Impacted Canines

Impacted Canines

Canines, also known as “eye teeth”, sometimes get stuck in the bone and are prevented from correctly erupting into function. An impacted tooth can cause painful infections as well as many other problems. Eye teeth are the second most common tooth to become impacted, next to wisdom teeth.  While wisdom teeth can be extracted, canines play an important role in eating, esthetics, and proper bite.Therefore, oral surgeons attempt to guide these teeth to correctly erupt rather than remove them. Eye teeth usually come into place around age 13 and cause any space between the front teeth to close tighter together. If it gets impacted, every effort should be made to allow it erupt into proper function. The older the patient, the less likely an impacted eye tooth will erupt by nature’s forces alone. The surgical treatment for impacted canines doesn’t fully erupt the tooth, but brings it to a point of exposure and brackets it to give it the best chance possible for proper eruption. Each case must be evaluated individually, but treatment will usually include the combined efforts of an orthodontist and oral surgeon.

Who should have impacted canine surgery?

Candidates for impacted canine surgery are those who have one or more adult canine teeth that have been prevented from erupting properly. However, less invasive measures can treat the problem if detected early in a child’s development.

Early Detection

The American Association of Orthodontists recommends that a panorex screening x-ray, along with a dental examination, be performed on all dental patients at around the age of seven years to count the teeth and determine if there are problems with eruption of the adult teeth.
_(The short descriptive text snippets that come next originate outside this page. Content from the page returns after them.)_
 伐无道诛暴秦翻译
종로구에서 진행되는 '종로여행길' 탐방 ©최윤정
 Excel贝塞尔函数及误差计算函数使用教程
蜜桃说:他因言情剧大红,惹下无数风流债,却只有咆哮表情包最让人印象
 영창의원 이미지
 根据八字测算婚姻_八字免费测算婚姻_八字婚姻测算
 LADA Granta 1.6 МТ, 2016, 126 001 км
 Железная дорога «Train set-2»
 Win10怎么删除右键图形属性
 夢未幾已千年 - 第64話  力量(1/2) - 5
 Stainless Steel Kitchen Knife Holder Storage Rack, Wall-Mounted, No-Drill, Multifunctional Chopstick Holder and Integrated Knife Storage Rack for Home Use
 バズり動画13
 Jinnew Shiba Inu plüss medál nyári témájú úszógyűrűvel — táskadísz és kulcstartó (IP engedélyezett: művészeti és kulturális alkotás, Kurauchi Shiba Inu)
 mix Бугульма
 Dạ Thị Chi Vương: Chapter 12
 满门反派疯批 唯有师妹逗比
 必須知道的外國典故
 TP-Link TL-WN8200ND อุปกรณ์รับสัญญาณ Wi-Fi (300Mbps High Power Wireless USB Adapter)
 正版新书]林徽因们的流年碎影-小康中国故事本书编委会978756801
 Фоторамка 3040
It is important to determine whether all the adult teeth are present or are some adult teeth missing.

  • Are there extra teeth present or unusual growths that are blocking the eruption of the eyetooth?
  • Is there extreme crowding or too little space available causing an eruption problem with the eyetooth?

If the eruption path is cleared through orthodontics and the space is opened up by age 11-12, the impacted canine has a good chance to erupt naturally.

By age 13-14, eyeteeth have likely already developed significantly. By this time, the impacted tooth is less likely to erupt naturally even if space is cleared for it. In these cases, the orthodontist and oral surgeon work together to guide the eye teeth to erupt.

If the patient is over 40 with a tooth that has been fused into position and cannot be guided into eruption, it must be extracted and replaced with a dental implant.


An orthodontist will take an X-ray of your mouth to determine the exact situation of your canine teeth. If an impacted tooth is still early in its development, they will likely place braces to create space for the tooth to erupt.

In some cases, the patient will be referred to the oral surgeon to remove over-retained baby teeth or obstructions before braces are even placed. This is an easier surgical procedure to perform than having to expose and bracket the impacted tooth. This will encourage some eruption to occur before the tooth becomes totally impacted (stuck). By the time the patient is at the proper age for the orthodontist to apply braces to the dental arch, the eyetooth will have erupted enough that the orthodontist can bond a bracket to it and move it into place without needing to force its eruption. In the long run, this saves time for the patient and means less time in braces (always a plus for any patient!).

For procedures that require bracketing, the orthodontist will refer the patient to the oral surgeon to have the tooth exposed and bracketed once the space is ready.

Before the procedure, our oral surgeon will provide local anesthesia to numb your mouth. IV sedation is available but is usually not necessary for this procedure.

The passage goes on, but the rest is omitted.